(Beginning of Extracted data)
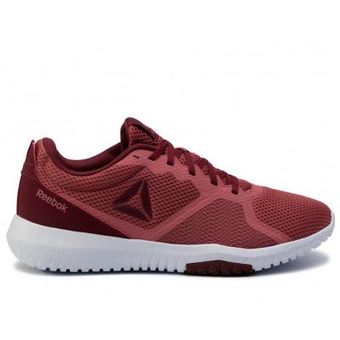 reebok workout mujer marron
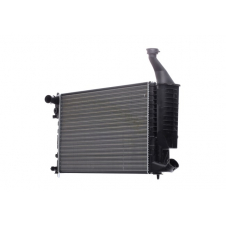 RADIADOR 1.4-1.6-1.8 +/-AC (61x37,7x23)(VALEO CLASSIC)(CONECCION RAPIDA)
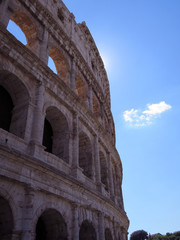 Fototapeta premium Colosseum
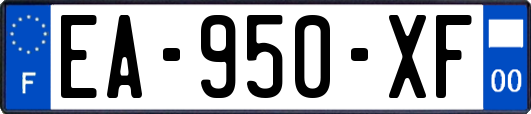 EA-950-XF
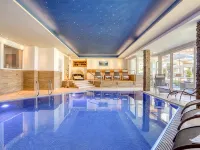 Alpinresort Schillerkopf Hotels in Bludenz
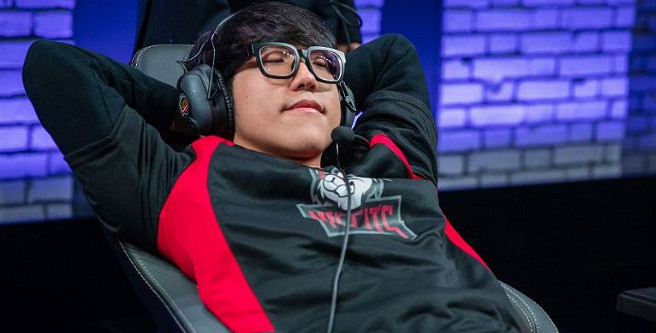 《英雄聯盟》老頭杯第二屆選人陣容隊伍名單大全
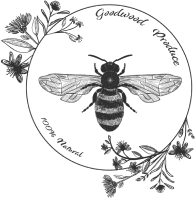 Logo: Goodwood Produce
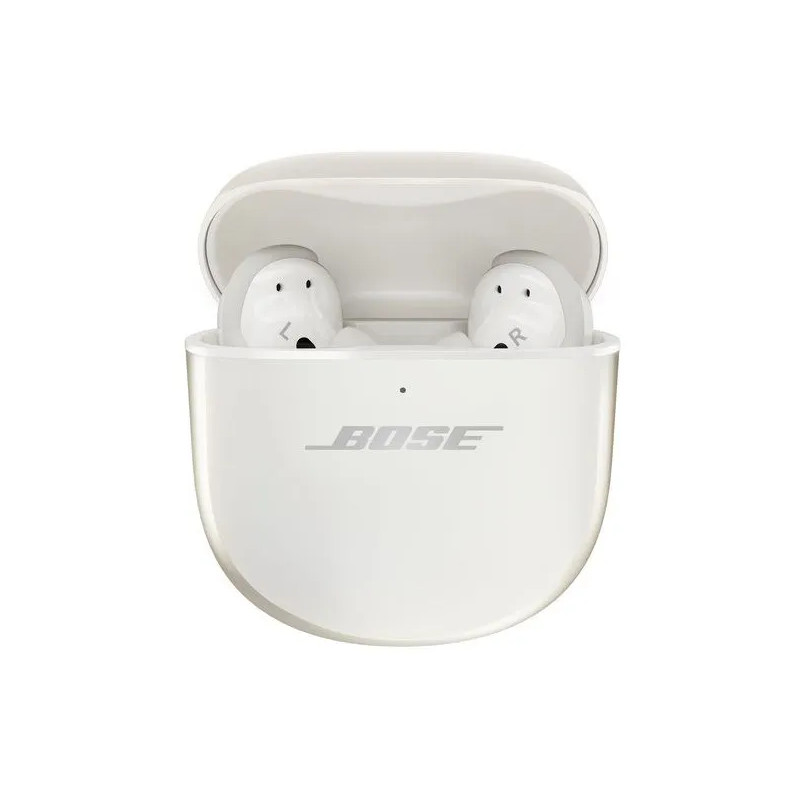 Беспроводные наушники Bose QuietComfort Ultra Earbuds (белый)
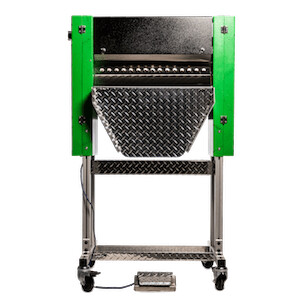 Trim Workz Ultimate Bud Bucker Bucking Machine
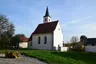 St. Andreas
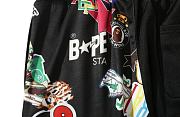 BP448 BAPE Pants - 3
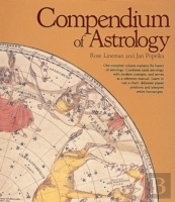 Compendium Of Astrology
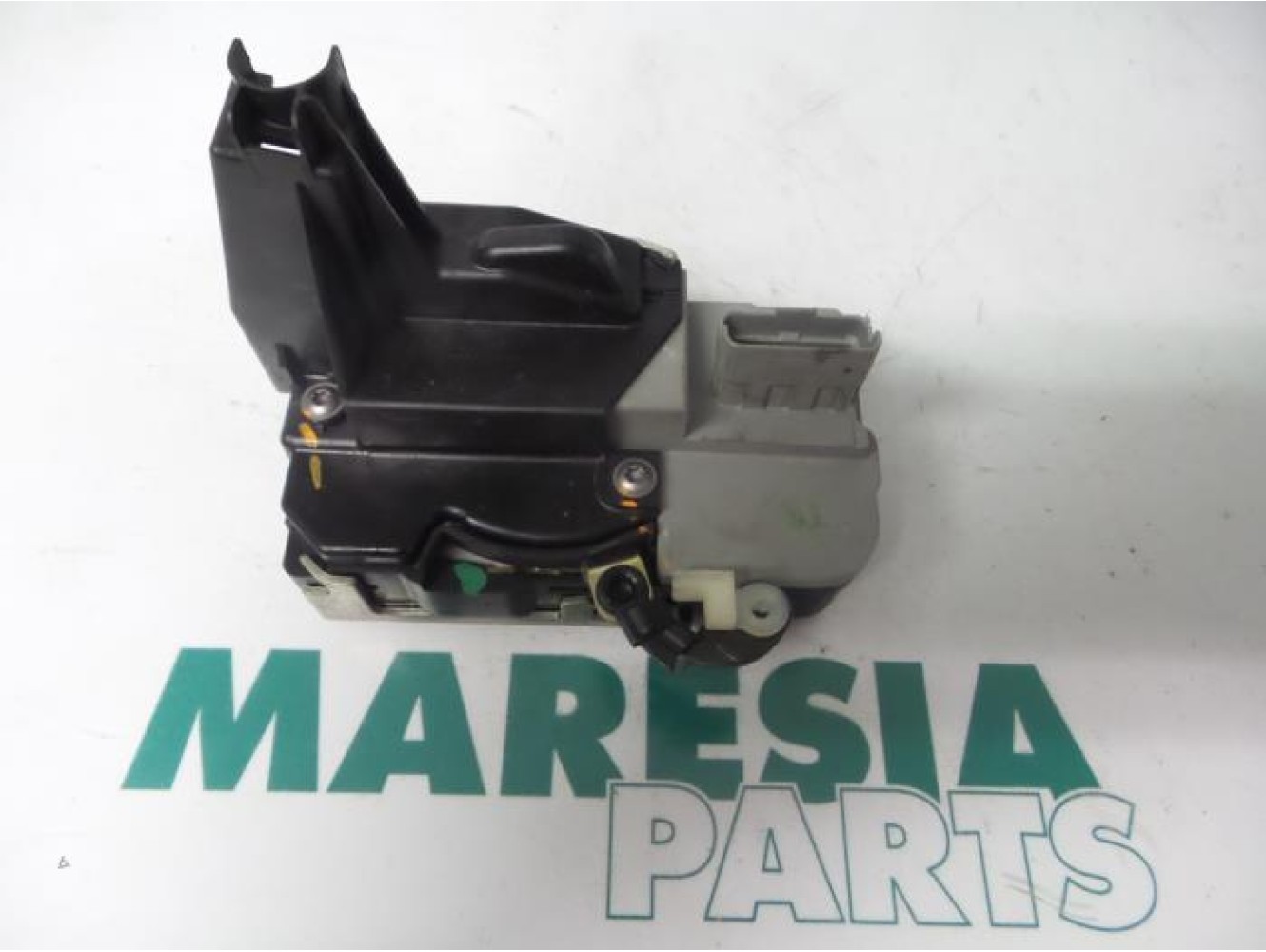 Peugeot - 307 - Deurslot Mechaniek 2Deurs links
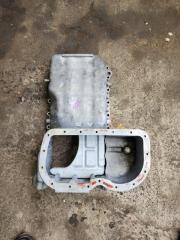 Engine sump pan ISUZU BIGHORN 1995 UBS69 4JG2 USED
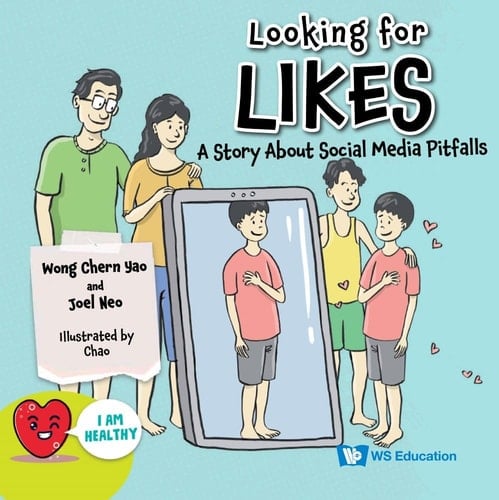 Looking Likes Story about Social Mediahb Looking for Likes: a Story about Social Media Pitfalls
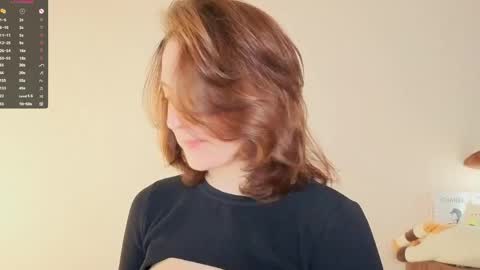 Emily online show from 03.12.26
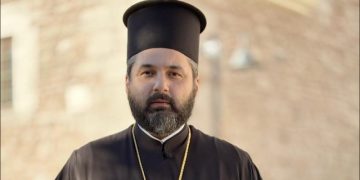 “ეს დუმილი უკვე ევქარისტიული ერთობის დარღვევაა და არა მშვიდობა” – არქიმანდრიტი ილია ჯინჯოლავა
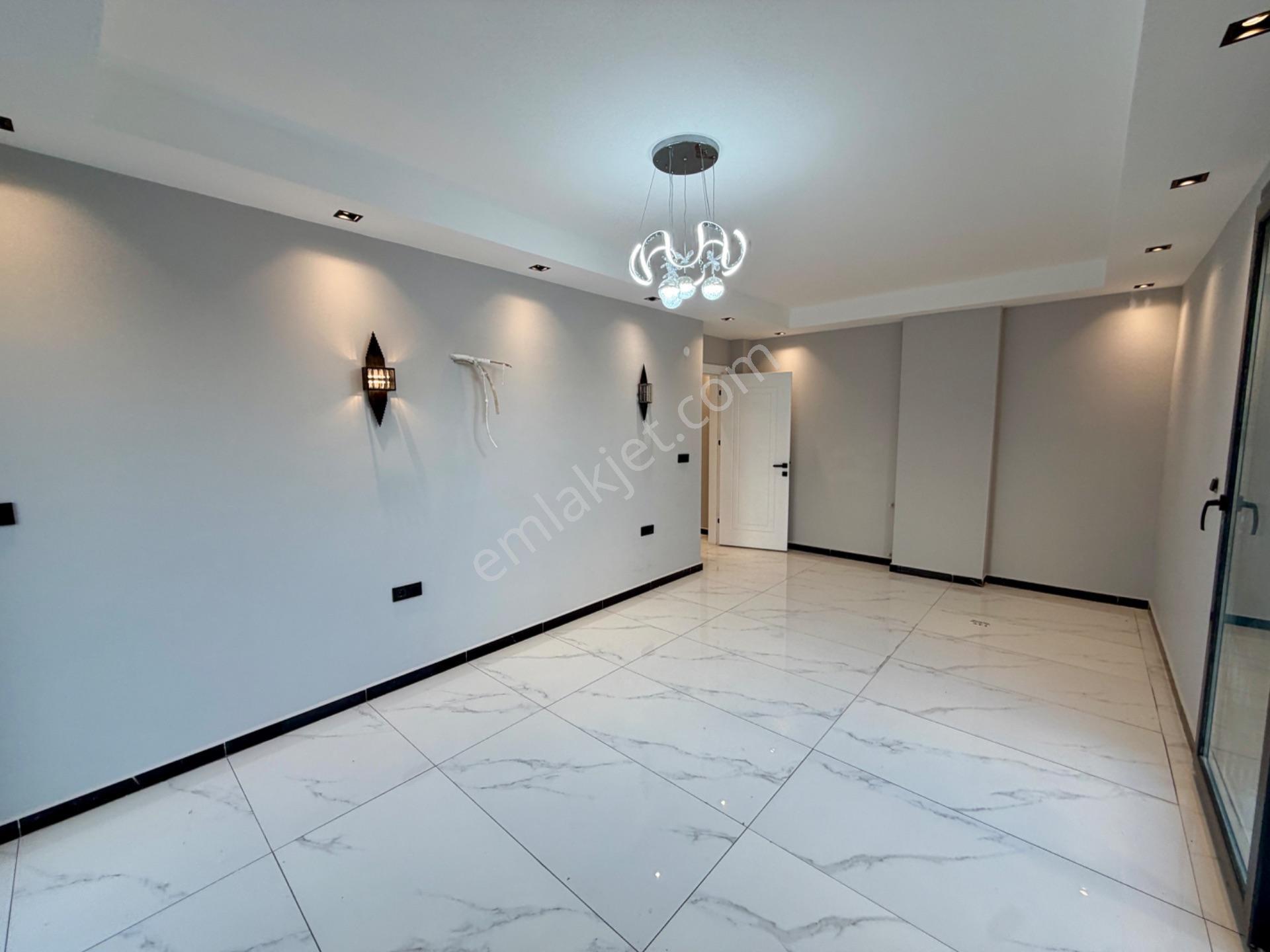 Didim’de Satılık 725 M2 Ultra Lüks 4+1 Uygun Fiyatlı Villa — fotoğraf 19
(End of Extracted data)
§ **Work instruction**
Should the entries hold any pictures, please omit those and print the remaining text exactly.

§ **Task output**
 reebok workout mujer marron
 RADIADOR 1.4-1.6-1.8 +/-AC (61x37,7x23)(VALEO CLASSIC)(CONECCION RAPIDA)
 Fototapeta premium Colosseum
 EA-950-XF
 Alpinresort Schillerkopf Hotels in Bludenz
 《英雄聯盟》老頭杯第二屆選人陣容隊伍名單大全
 Logo: Goodwood Produce
 Беспроводные наушники Bose QuietComfort Ultra Earbuds (белый)
 Trim Workz Ultimate Bud Bucker Bucking Machine
 St. Andreas
 BP448 BAPE Pants - 3
 Compendium Of Astrology
 Peugeot - 307 - Deurslot Mechaniek 2Deurs links
 Engine sump pan ISUZU BIGHORN 1995 UBS69 4JG2 USED
 Looking Likes Story about Social Mediahb Looking for Likes: a Story about Social Media Pitfalls
 Emily online show from 03.12.26
 “ეს დუმილი უკვე ევქარისტიული ერთობის დარღვევაა და არა მშვიდობა” – არქიმანდრიტი ილია ჯინჯოლავა
 Didim’de Satılık 725 M2 Ultra Lüks 4+1 Uygun Fiyatlı Villa — fotoğraf 19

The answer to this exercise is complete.